To this day Madison Square Gardens remains the home stadium of the New York Rangers.  The Rangers have been good to the Garden, bringing in record crowds and plenty of fame.  Now Madison Square Garden is as recognizable as any of New York’s famous landmarks, and it is largely thanks to the Rangers.  The Rangers have a number of traditions, but chief among them was the Chief.  The Chief was a man who ran around the stadium dressed with an Indian feather headdress with his face painted in Rangers colors.  The Chief, otherwise known as Robert Comas, did this from 1971 to 1995, when the Rangers again won the Stanley Cup.

Each time a gold is scored on their home field, a fire engine’s horn blares three times,  then the goal song titled ‘Slapshot’ is played.  The Rangers also do something that is fairly uncommon among the NHL: they salute the crowd.  After the team wins in their home stadium, they come together at the center of the ice and raise their sticks high in the air.  This is still a fairly new tradition, getting started in the 2005-2006 season.  The New York Rangers are one of the great teams of hockey.  Few other teams have the pedigree of the boys in red and blue.

The Pittsburgh Penguins Information From Start to Current

Many fans will say that the Pittsburgh Penguins weren’t a hockey team until they met a talented young Canadian center named Mario Lemieux.  Lemieux played for the Penguins for seventeen non-consecutive seasons, from 1984 to 2006, and has widely been regarded as one of the greatest NHL players of all time.

As a player, Lemieux has a number of NHL records.  He played nine-hundred and fifteen total games for Pittsburgh Penguins.  Within that time, he scored six-hundred and ninety goals.  He also racked up an impressive 1033 assists, giving him a total of 1723 points with Pittsburgh Penguins.  During this time, his longest goal scoring streak got up to twelve, and his longest scored point streak reached a whopping forty-six games.  Lemieux’s record career high for goals per season was eighty-five, in the 1988-89 Season; in this same season he also set record career and league highs for points and assists, totaling one-hundred and ninety-nine and one hundred and fourteen respectively.  Most everyone agrees that 1988-89 was Lemieux’s best season, although it actually wasn’t a year when he won the Stanley Cup.

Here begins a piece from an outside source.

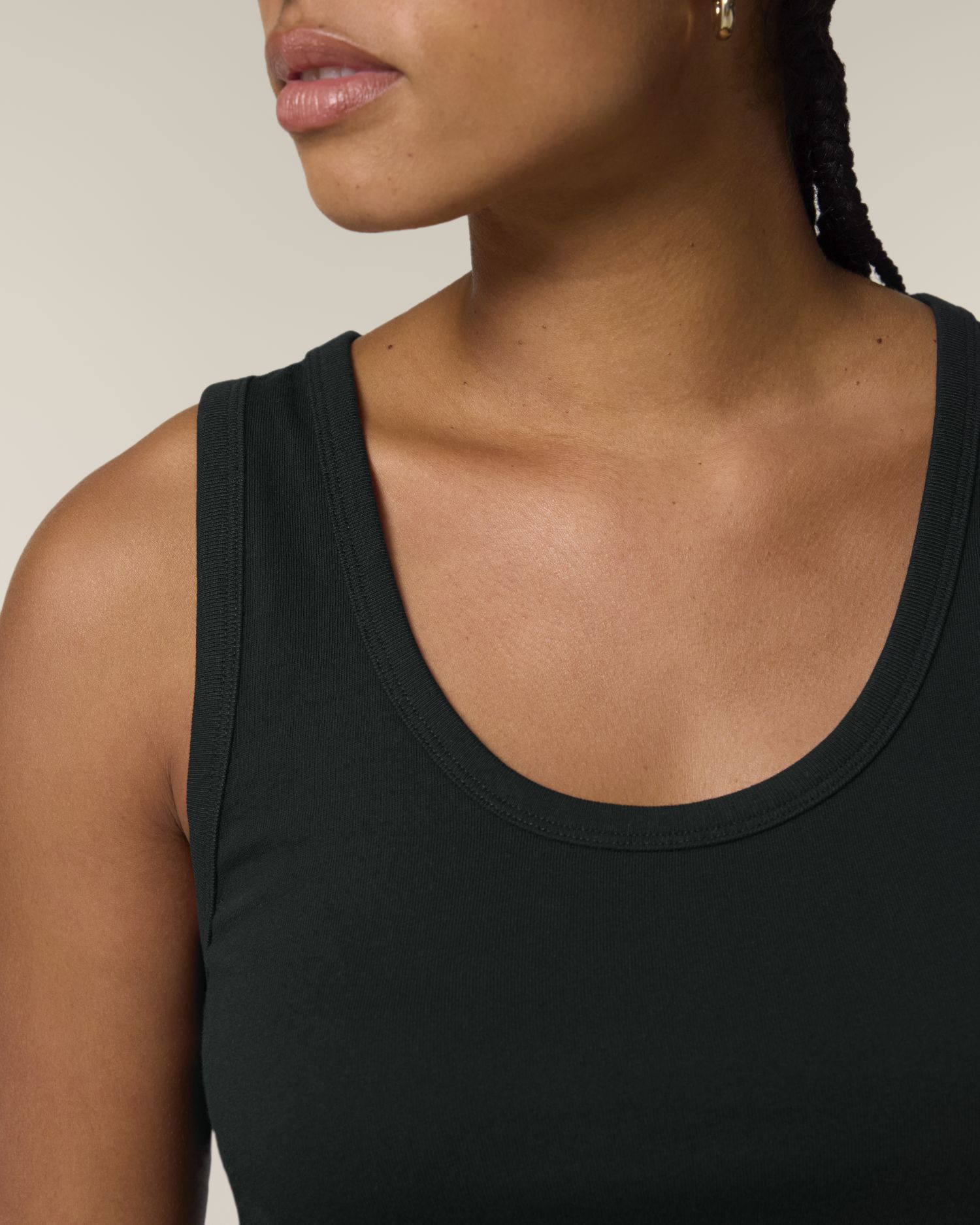 Black | STTW963 Studio Detail SFD1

Awarding his hockey performance as a whole, the NHL inducted Mario Lemieux into its Hall of Fame in 1997.  In that same year, Lemieux retired, and the reason was cancer.  Amazingly, Lemieux performed for many years while struggling with his health.  In 1997 he retired to undergo treatment, which was successful and which allowed Lemieux to return to the league in 2000, after which he played for another six years.  Lemieux officially retired for the second time, then, in 2006, at the age of forty.  At this time, and in reference to Lemieux’s excellence, Wayne Gretzky, another hockey great, stated: “You don’t replace players like Mario Lemieux. The game will miss him.”  Bobby Orr, another legend, also remarked that Lemieux was “the most talented player [he’d] ever seen” play.

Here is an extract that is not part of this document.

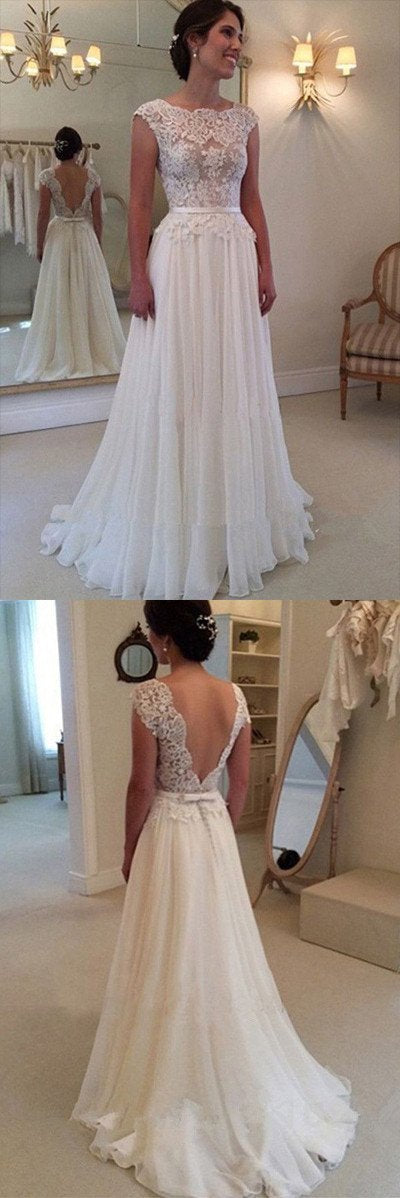 Robe de mariée pas chère à dos nu et haut en dentelle trapèze pour un mariage à Long Beach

Lemieux has proven himself as more than just a hockey player, though.  Using the financial success his performance as an athlete afforded him, Lemieux actually bought the Penguins out of bankruptcy in 1999 and has been their co-owner ever since.  This meant that when Lemieux came out of retirement in 2000, he was actually both an owner and player of and for The Penguins.  This eventually led to Lemieux becoming the only person to have won a Stanley Cup as both a player and an owner.  This circumstance unfortunately also led to a bit corporate controversy, as in such a position Lemieux faced the potential of a conflict of interest situation, with respect to NHL labor negotiations.

Even off the ice, though, Lemieux has had affect.  In 1993, when Lemieux’s health began to wane and he was diagnosed with Hodgkin’s lymphoma, he started The Mario Lemieux Foundation, an organization formed to raise funding for medical research involving both Hodgkin’s lymphoma and various other forms of cancer.  Most recently, in 2007, Lemieux allied himself with many other high profile athletes, including Lance Armstrong and Andre Agassi, to form The Athletes for Hope, an organization involved in many charitable pursuits.